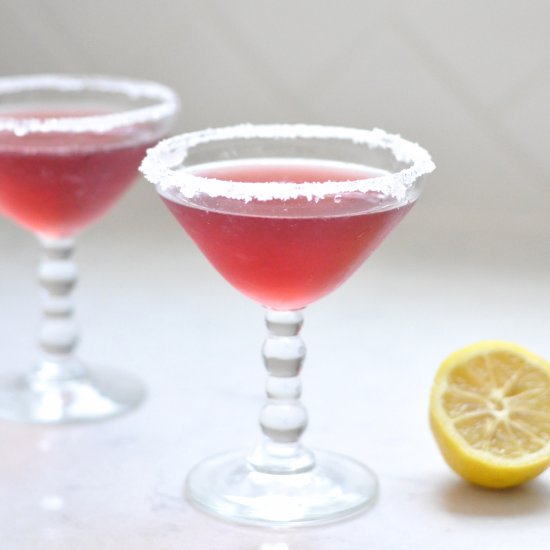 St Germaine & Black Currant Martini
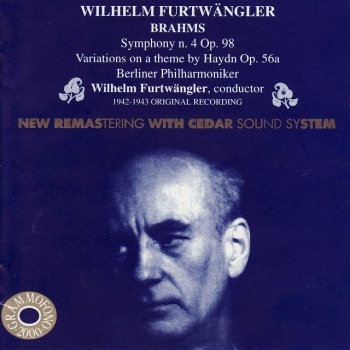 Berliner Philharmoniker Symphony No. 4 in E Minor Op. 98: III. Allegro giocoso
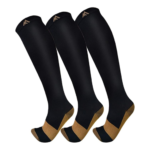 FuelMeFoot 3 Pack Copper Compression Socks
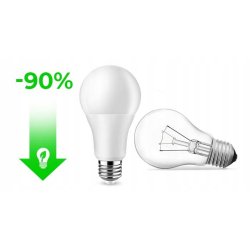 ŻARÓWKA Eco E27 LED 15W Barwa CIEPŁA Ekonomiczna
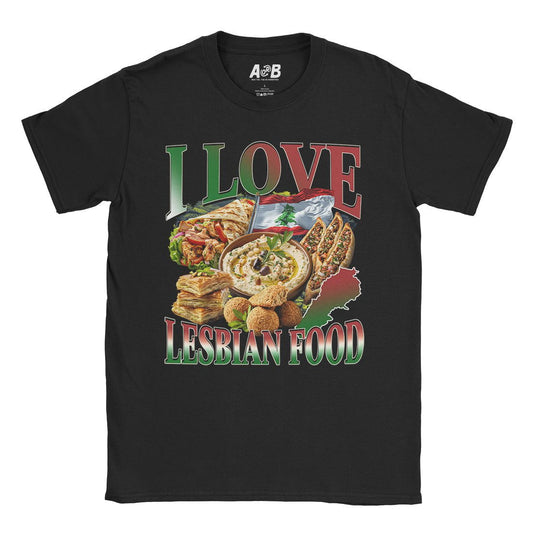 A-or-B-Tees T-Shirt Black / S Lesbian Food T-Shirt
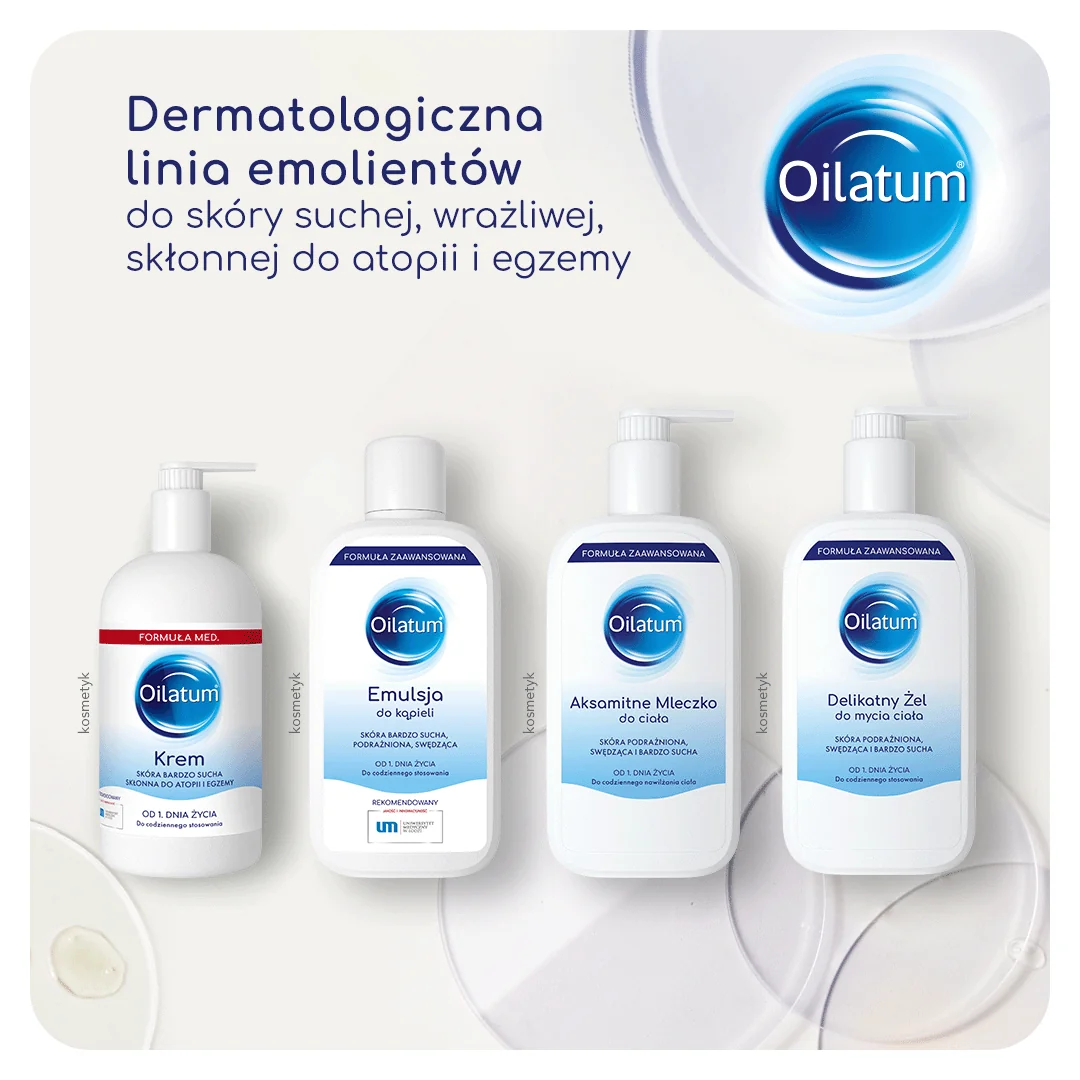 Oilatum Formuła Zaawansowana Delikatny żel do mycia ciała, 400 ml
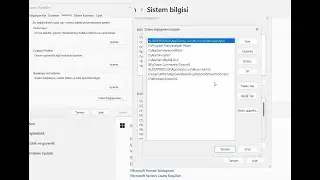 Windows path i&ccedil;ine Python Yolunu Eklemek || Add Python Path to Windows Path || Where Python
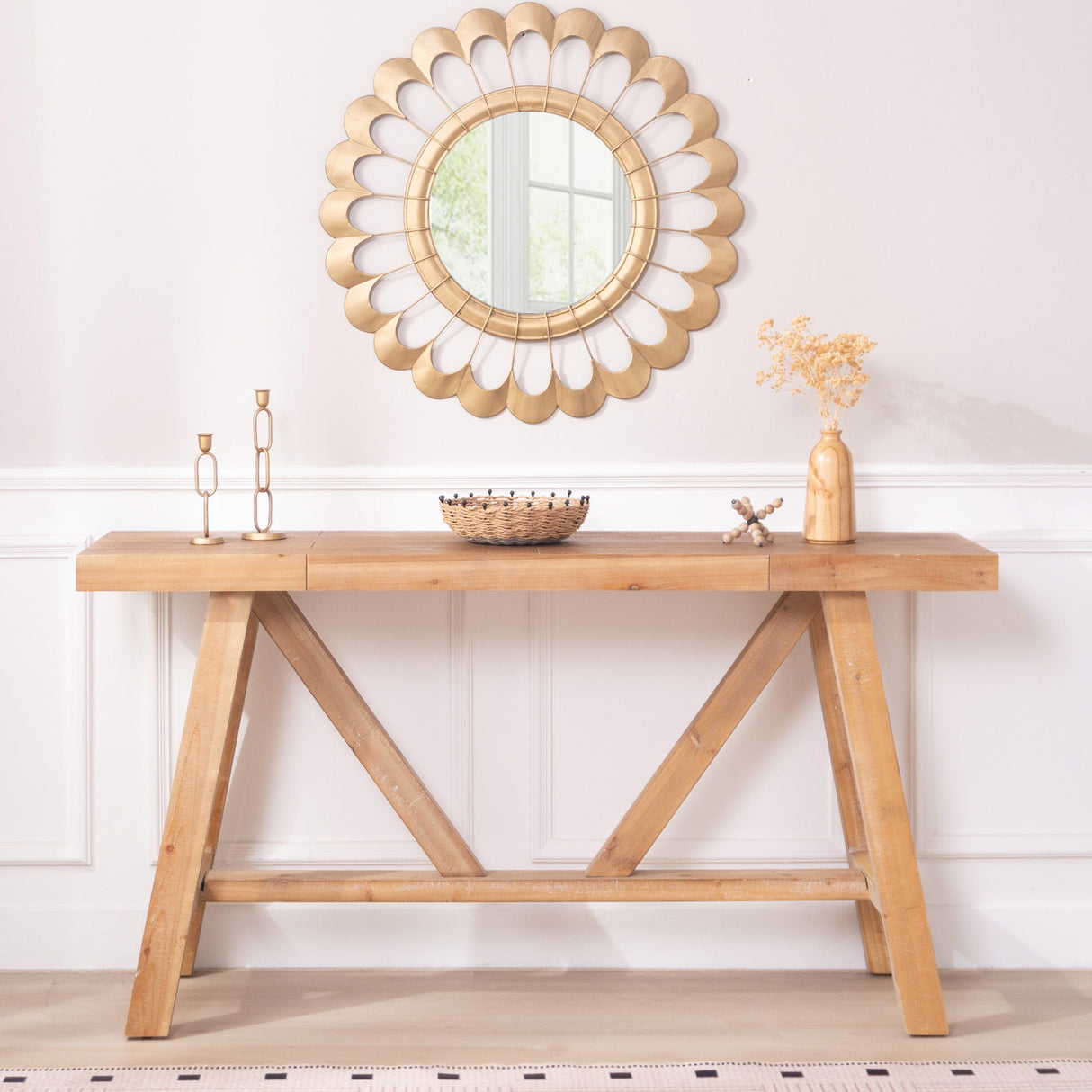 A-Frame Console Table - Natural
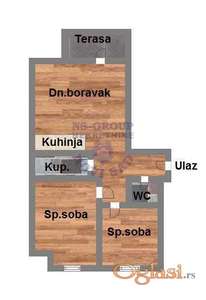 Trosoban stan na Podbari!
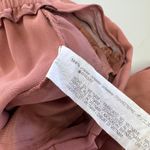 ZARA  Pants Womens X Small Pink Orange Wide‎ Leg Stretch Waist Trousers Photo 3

#####

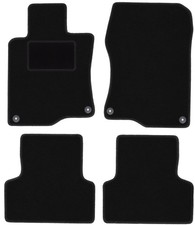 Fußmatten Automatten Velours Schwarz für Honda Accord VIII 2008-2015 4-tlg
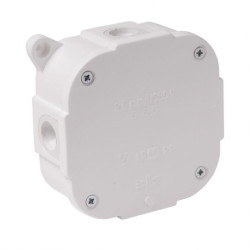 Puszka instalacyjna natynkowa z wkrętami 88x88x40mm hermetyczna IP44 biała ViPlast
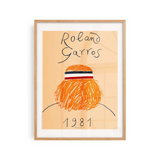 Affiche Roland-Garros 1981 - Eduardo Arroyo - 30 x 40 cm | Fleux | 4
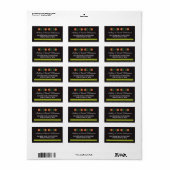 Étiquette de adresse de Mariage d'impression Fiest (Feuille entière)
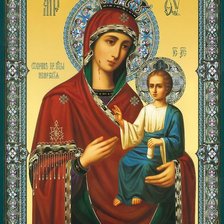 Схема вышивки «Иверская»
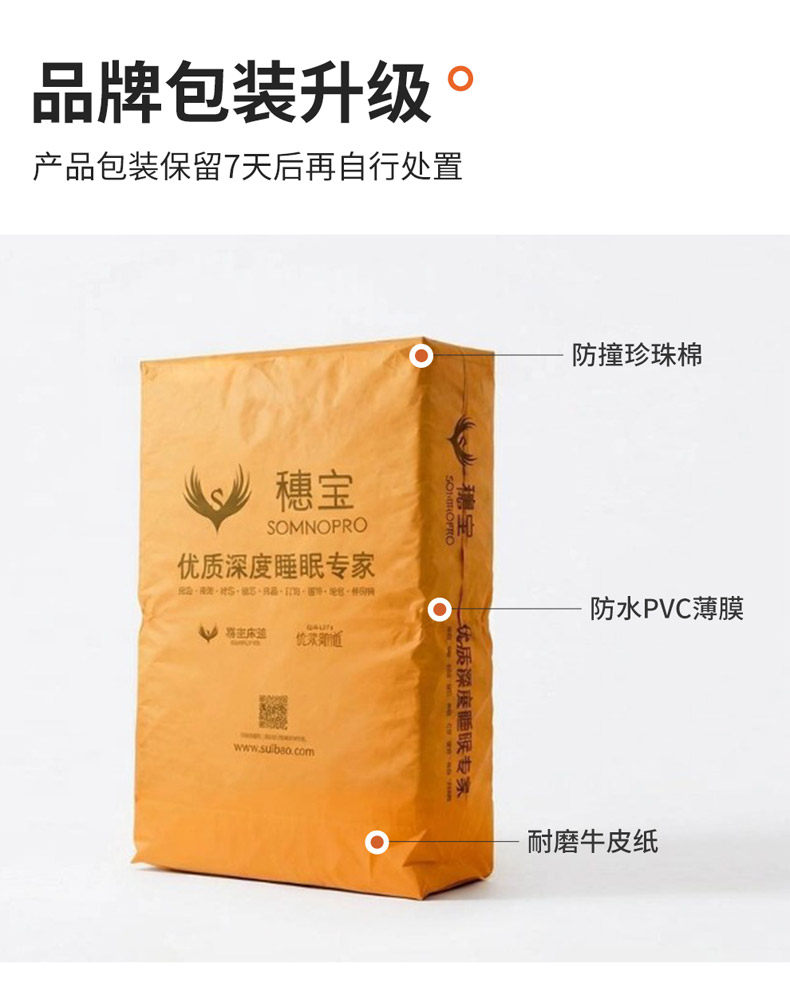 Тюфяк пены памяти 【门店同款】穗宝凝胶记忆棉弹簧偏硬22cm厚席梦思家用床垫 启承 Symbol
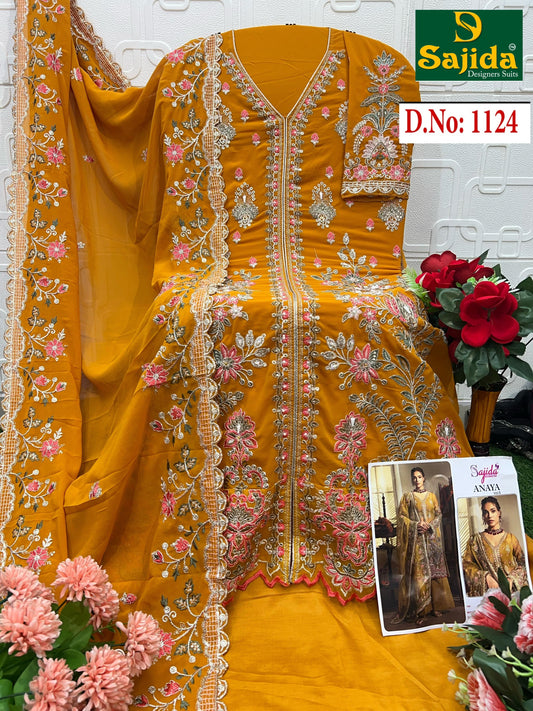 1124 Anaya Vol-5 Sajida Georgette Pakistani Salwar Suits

#####

▶ Problem details
Taking the material above, give again exactly the lines from the one holding "St Germaine & Black Currant Martini" through the one holding "Trousers Photo 3", with both ends and without pictures.

▶ Result of the task
 St Germaine & Black Currant Martini
 Berliner Philharmoniker Symphony No. 4 in E Minor Op. 98: III. Allegro giocoso
 FuelMeFoot 3 Pack Copper Compression Socks
 ŻARÓWKA Eco E27 LED 15W Barwa CIEPŁA Ekonomiczna
 A-or-B-Tees T-Shirt Black / S Lesbian Food T-Shirt
 Oilatum Formuła Zaawansowana Delikatny żel do mycia ciała, 400 ml
 Windows path i&ccedil;ine Python Yolunu Eklemek || Add Python Path to Windows Path || Where Python
 A-Frame Console Table - Natural
 Trosoban stan na Podbari!
 ZARA  Pants Womens X Small Pink Orange Wide‎ Leg Stretch Waist Trousers Photo 3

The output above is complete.